__TASK TO CARRY OUT__
Nothing but the lines from the one containing "this 250×188 image." to the end of the data should be returned, each exactly as written.
PROVIDED DATA below:
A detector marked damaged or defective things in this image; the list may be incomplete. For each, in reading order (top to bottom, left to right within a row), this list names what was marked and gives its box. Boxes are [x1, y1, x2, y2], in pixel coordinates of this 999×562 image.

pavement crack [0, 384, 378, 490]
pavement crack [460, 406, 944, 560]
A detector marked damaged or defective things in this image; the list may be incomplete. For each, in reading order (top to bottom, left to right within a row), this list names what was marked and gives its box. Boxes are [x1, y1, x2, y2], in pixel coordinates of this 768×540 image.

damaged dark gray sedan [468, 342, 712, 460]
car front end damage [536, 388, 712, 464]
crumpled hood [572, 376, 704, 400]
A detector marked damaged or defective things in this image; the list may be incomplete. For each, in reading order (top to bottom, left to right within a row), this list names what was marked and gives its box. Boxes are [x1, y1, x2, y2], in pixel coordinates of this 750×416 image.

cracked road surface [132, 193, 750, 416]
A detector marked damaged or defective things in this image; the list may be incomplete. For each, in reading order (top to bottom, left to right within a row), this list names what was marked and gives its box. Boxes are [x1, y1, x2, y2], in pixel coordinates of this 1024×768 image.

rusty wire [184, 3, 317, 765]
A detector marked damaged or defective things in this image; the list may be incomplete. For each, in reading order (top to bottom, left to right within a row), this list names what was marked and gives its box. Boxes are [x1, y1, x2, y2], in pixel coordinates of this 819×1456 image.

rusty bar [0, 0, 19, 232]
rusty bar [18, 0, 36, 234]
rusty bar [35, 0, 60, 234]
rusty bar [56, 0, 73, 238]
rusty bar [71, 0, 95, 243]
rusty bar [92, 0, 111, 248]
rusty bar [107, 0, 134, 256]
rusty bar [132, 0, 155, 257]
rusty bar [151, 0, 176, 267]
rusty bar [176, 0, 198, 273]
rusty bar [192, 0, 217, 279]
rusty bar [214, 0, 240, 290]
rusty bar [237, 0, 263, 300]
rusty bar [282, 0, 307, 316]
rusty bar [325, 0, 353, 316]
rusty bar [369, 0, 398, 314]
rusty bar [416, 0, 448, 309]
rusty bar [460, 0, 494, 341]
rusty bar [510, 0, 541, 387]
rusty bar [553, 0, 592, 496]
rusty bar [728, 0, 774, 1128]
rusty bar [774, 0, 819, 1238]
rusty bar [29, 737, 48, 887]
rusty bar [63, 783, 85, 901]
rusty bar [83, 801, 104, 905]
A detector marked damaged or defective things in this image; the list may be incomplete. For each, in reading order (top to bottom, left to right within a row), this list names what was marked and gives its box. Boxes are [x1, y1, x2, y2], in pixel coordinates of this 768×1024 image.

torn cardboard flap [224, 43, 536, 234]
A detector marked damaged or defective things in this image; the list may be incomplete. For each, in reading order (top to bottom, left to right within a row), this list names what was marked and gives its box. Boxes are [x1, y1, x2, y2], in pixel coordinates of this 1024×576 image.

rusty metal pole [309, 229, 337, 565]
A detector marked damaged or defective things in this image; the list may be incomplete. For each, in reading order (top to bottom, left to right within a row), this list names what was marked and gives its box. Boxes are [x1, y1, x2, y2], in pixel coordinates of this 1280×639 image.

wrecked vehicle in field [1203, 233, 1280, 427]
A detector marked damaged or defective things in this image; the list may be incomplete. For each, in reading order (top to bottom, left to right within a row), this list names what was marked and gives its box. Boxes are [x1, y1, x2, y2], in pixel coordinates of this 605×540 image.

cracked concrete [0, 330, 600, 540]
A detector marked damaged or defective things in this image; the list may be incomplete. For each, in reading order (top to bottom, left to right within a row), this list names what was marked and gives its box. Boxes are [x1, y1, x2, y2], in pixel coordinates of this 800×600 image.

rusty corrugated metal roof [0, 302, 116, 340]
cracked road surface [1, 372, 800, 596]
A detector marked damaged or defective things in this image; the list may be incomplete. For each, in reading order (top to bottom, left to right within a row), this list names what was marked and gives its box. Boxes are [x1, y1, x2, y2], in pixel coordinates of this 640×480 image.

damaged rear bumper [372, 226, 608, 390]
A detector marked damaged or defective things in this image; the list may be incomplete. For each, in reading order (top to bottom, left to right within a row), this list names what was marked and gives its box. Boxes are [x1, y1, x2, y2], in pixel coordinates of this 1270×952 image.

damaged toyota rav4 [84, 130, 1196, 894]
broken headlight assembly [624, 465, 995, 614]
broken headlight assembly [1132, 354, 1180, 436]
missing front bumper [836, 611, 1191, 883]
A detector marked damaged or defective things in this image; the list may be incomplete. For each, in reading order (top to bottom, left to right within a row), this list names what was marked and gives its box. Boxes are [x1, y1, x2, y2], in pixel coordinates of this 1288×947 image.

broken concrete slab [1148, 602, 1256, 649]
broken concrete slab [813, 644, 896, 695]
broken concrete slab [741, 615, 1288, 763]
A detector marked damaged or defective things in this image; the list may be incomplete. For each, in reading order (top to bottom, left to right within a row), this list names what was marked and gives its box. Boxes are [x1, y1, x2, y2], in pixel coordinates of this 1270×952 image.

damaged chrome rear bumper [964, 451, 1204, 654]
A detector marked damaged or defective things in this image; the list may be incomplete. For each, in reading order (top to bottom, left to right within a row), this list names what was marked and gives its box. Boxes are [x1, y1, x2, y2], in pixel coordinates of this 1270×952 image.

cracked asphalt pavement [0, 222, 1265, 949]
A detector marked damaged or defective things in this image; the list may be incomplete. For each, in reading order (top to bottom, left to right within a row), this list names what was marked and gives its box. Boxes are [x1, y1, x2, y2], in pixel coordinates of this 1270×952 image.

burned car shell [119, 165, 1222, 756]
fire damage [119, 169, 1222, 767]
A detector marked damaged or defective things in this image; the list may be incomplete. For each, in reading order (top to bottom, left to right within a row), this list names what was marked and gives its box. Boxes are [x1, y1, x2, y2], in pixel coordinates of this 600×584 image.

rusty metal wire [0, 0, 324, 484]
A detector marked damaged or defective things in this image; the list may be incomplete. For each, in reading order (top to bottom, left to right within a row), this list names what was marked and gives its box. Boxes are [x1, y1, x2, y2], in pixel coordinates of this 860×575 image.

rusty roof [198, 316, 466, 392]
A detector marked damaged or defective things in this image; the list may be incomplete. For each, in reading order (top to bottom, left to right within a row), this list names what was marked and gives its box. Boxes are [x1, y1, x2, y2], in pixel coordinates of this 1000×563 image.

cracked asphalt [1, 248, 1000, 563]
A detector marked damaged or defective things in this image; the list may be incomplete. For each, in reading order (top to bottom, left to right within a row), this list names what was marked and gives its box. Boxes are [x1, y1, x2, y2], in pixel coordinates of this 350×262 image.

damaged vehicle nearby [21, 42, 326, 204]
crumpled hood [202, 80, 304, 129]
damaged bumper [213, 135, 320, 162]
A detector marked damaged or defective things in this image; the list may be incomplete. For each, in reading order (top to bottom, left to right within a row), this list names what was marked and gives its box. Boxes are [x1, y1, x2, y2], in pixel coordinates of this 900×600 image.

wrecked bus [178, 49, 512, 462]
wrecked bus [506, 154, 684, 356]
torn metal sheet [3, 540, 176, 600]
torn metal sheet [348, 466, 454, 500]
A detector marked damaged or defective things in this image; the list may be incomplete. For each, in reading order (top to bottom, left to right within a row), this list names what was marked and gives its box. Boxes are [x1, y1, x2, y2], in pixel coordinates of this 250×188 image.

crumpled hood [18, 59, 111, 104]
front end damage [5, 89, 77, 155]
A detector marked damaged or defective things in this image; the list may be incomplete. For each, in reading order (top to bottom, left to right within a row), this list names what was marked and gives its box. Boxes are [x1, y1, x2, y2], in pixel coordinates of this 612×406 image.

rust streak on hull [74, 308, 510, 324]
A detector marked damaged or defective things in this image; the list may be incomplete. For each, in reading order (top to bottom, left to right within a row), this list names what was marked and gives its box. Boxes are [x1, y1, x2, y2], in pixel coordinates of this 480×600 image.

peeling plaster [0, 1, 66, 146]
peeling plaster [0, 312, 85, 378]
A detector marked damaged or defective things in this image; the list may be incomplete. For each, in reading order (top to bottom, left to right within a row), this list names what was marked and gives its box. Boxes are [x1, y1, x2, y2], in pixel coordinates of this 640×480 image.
End of PROVIDED DATA.
__THE COMPLETED TASK__
A detector marked damaged or defective things in this image; the list may be incomplete. For each, in reading order (top to bottom, left to right within a row), this list names what was marked and gives its box. Boxes are [x1, y1, x2, y2], in pixel coordinates of this 250×188 image.

crumpled hood [18, 59, 111, 104]
front end damage [5, 89, 77, 155]
A detector marked damaged or defective things in this image; the list may be incomplete. For each, in reading order (top to bottom, left to right within a row), this list names what was marked and gives its box. Boxes are [x1, y1, x2, y2], in pixel coordinates of this 612×406 image.

rust streak on hull [74, 308, 510, 324]
A detector marked damaged or defective things in this image; the list may be incomplete. For each, in reading order (top to bottom, left to right within a row), this list names what was marked and gives its box. Boxes are [x1, y1, x2, y2], in pixel coordinates of this 480×600 image.

peeling plaster [0, 1, 66, 146]
peeling plaster [0, 312, 85, 378]
A detector marked damaged or defective things in this image; the list may be incomplete. For each, in reading order (top to bottom, left to right within a row), this list names what was marked and gives its box. Boxes are [x1, y1, x2, y2], in pixel coordinates of this 640×480 image.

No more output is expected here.